# Powerbook G4 Hard Drive Replacement??



## aj524 (Aug 30, 2006)

Hi everyone... got a question for anyone who may be in the know on this...

I have a Mac Powerbook G4 that has a dead hard drive. Unfortunately, this machine is out of warranty, so I'm pretty much on my own for getting this back to working order.

I have removed the dead Toshiba 60GB 5400RPM HD and replaced it with a Hitachi Travelstar 80GB, 5400RPM HD.

When I boot the Mac with my copy of OSX Tiger in the drive, the OSX install menus start as usual, but then when it comes time to "Select a destination volume to install Mac OS X software," the list of possible devices is empty.

I was able to install this same hard drive in a 3.5 inch enclosure and hook it up via USB to a windows machine... was able to initialize and format the HD no problem... so I'm assuming this new HD works.

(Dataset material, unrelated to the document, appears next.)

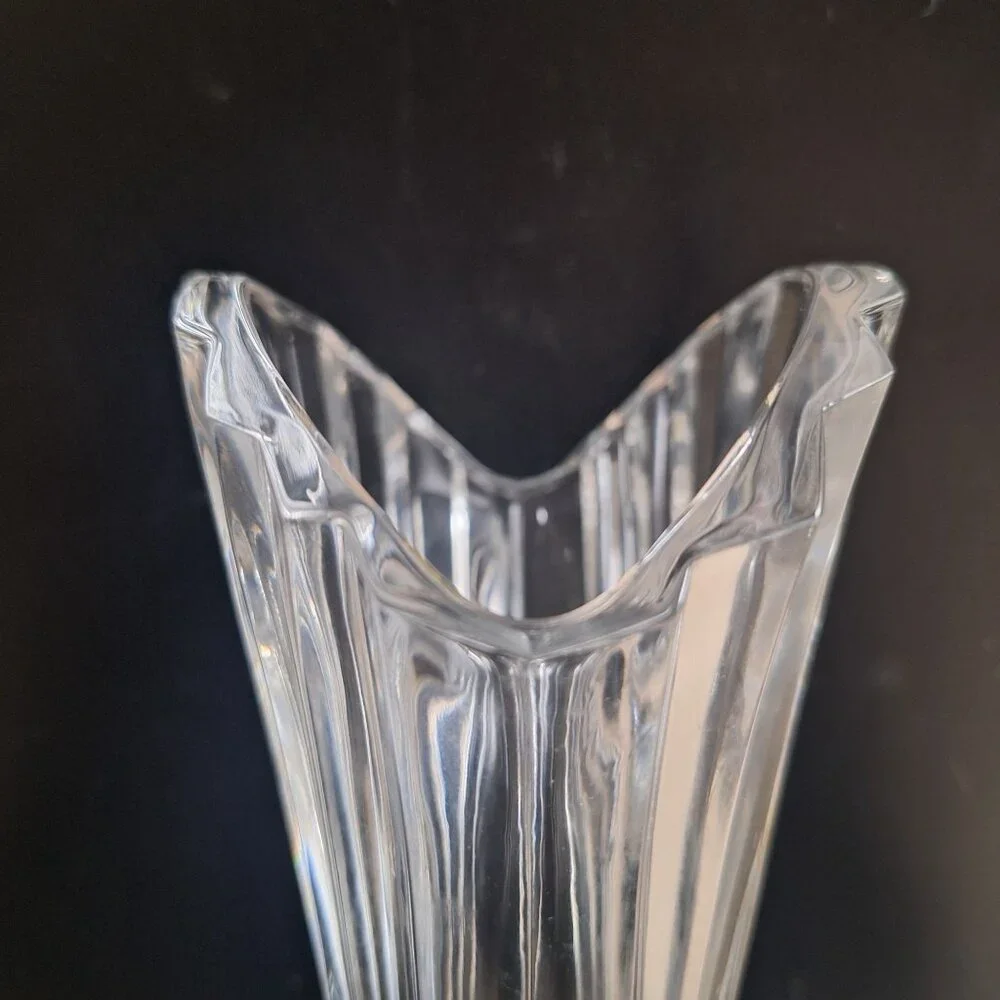 Clear Crystal Glass Swirl Design Fluted Vase Elegant Modern‎ Home Decor Accent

Does anyone know if Mac Powerbook G4s require a replacement hard drive that has been authorized and/or encoded in some way by Apple or will a generic drive work and I am just missing something??

Thank you in advance...

~Andy


----------



## Emmerac (Aug 26, 2006)

Your hard drive needs to be set to a partition scheme that OS X recognizes before you can format it and install. Boot from the CD and then opening Disk Utility from the Utilities menu. Use Disk Utility set your partition scheme to "GUID_partition_scheme" and then format. Apple has an article in their knowledge base on this here:
http://docs.info.apple.com/article.html?artnum=303220


----------



## aj524 (Aug 30, 2006)

I actually stumbled upon the disk utility menu last night and managed to get this going. Your answer is exactly what I was looking for though. Thank you very much! 

~Andy


----------